ETATS-UNIS - Sonia Sotomayor a débuté son grand oral en jurant que sa philosophie était «d'être fidèle à la loi»...

«Au cours du dernier mois, de nombreux sénateurs m'ont questionné sur ma philosophie judiciaire. C'est simple: être fidèle à la loi», a-t-elle déclaré en ouverture devant la commission du Sénat. Durant les quatre prochains jours, ses membres auront pour tâche d'évaluer les réponses de Sonia Sotomayo. Le but: déterminer si elle est apte à occuper un des postes les plus exposés et enviés du système judiciaire américain: celui de juge à la Cour suprême, institution née en 1789 avec la Constitution des Etats-Unis, et dont le rôle est de garantir que les décisions de justice prises dans les 50 Etats de l'Union sont en accord avec la «Loi suprême» du pays.

 

>> A quoi sert et comment fonctionne la Cour suprême?

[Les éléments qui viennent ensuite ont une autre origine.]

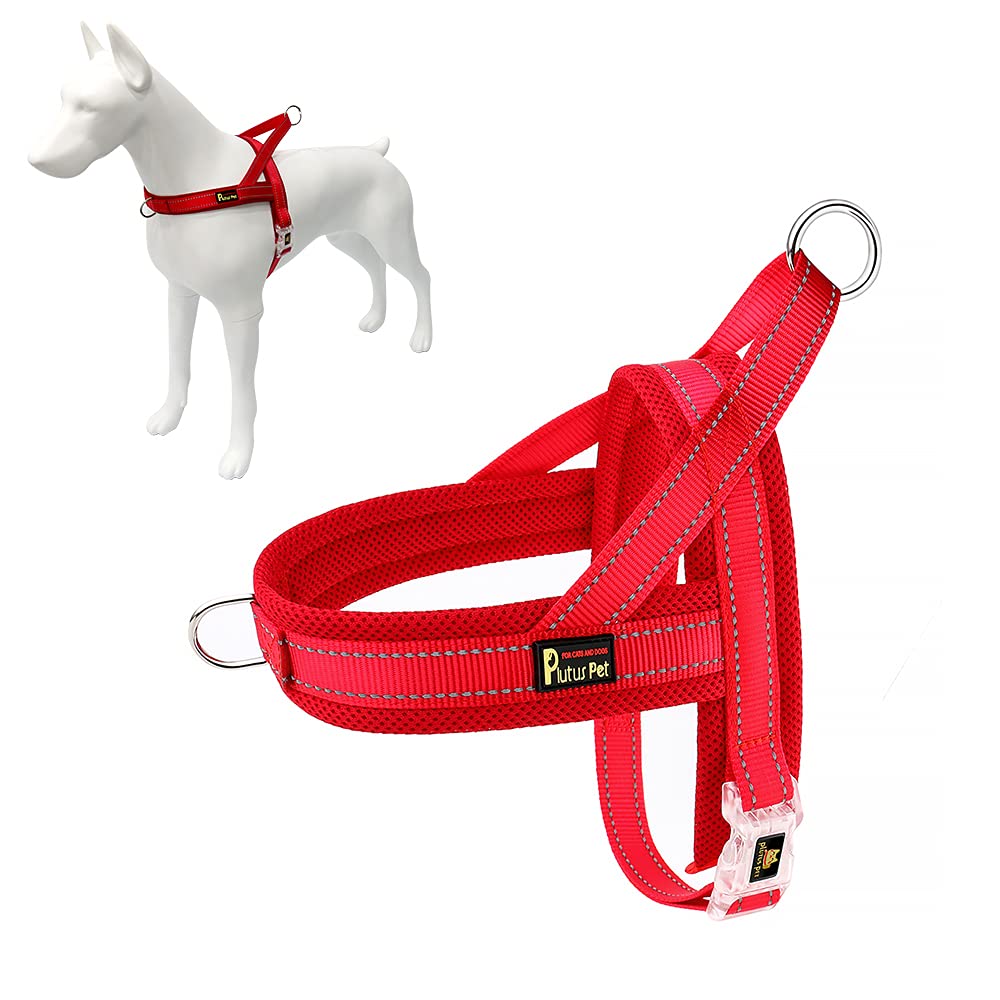 Plutus Pet arnés sin tirones con malla ventilada para paseos cómodos.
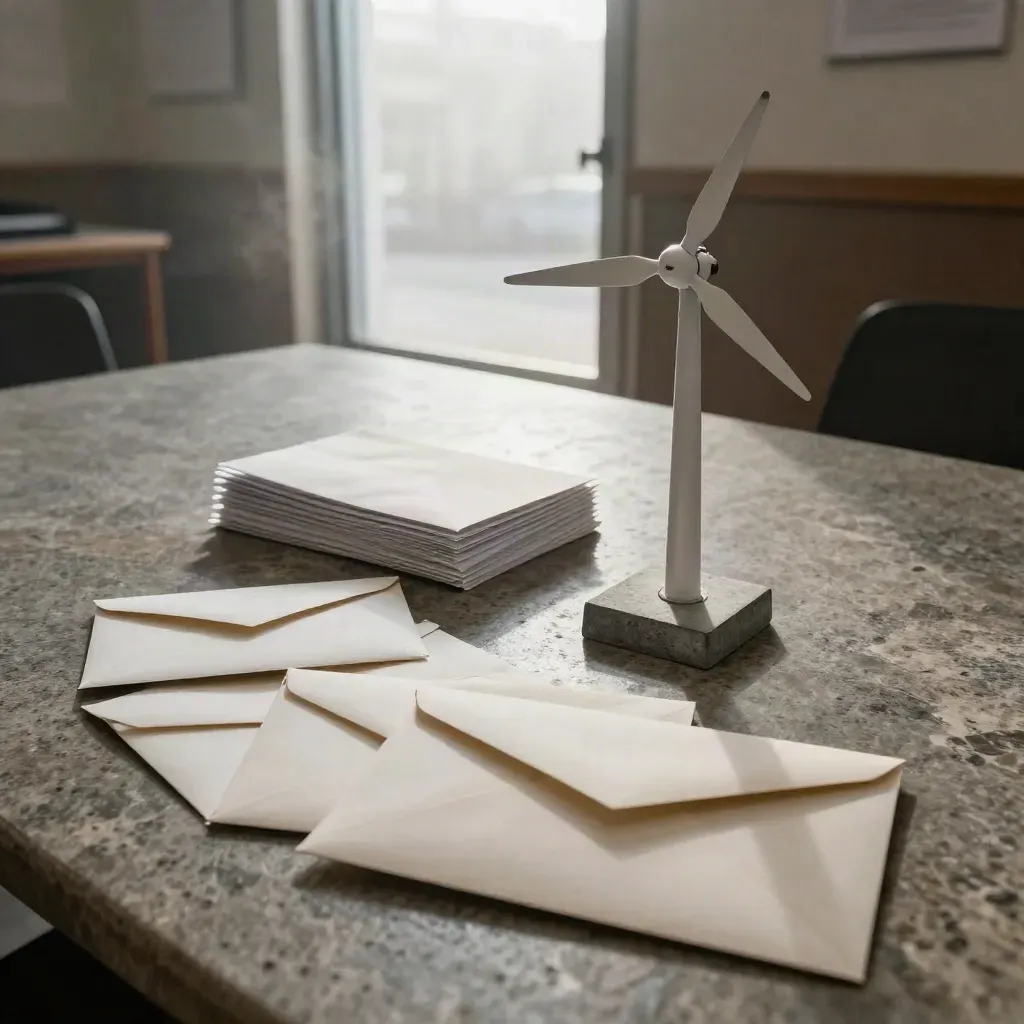 Support envelopes beside a turbine foundation model in a sunlit civic lobby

Réponses ici

 

Sonia Sotomayor, la candidate du président Barack Obama à la Cour suprême, où elle pourrait devenir la première juge hispanique, a principalement dû expliquer une petite phrase tirée d'un long texte de 2002: «J'ose espérer qu'une sage latina, avec la richesse de son expérience, pourra arriver à certaines conclusions dont serait incapable un homme blanc qui n'a pas vécu sa vie».  Ce que n'avait pas manqué de relever un lobby judiciaire de droite.

 

Le sénateur démocrate Patrick Leahy, qui préside la commission, a ouvert les débats en brossant un portrait flatteur de Sonia Sotomayor, qualifiant de «véritable histoire américaine» son parcours, du Bronx à la prestigieuse université de Princeton pour arriver, très probablement, au pinacle: un siège à la Cour suprême des Etats-Unis.

 

Un blocage peu probable

 

Le chef des républicains de la commission judiciaire Jeff Sessions a, lui, estimé que si Sonia Sotomayor était confirmée, «un nouveau monde tout beau, tout neuf, s'ouvrirait à nous, dans lequel les mots sonnent creux et les juges ont la possibilité de ne voir que tel ou tel aspect des choses». Et de conclure: «Je ne voterai pas, et je pense qu'aucun sénateur ne devrait voter pour une personne nommée par un président qui estime acceptable qu'un juge laisse ses origines, son sexe, ses préjugés ou ses sympathies influencer d'une manière ou d'une autre les parties présentes dans un tribunal».

 

Malgré tout, l'opposition républicaine a peu de chances de lui faire barrage. Sur le papier, les démocrates détiennent 60 sièges au Sénat, soit la majorité nécessaire pour lui donner le feu vert. Sans compter qu'une opposition trop virulente passerait mal dans l'électorat hispanique, dont les républicains auront besoin s'ils veulent se refaire aux élections de mi-mandat fin 2010.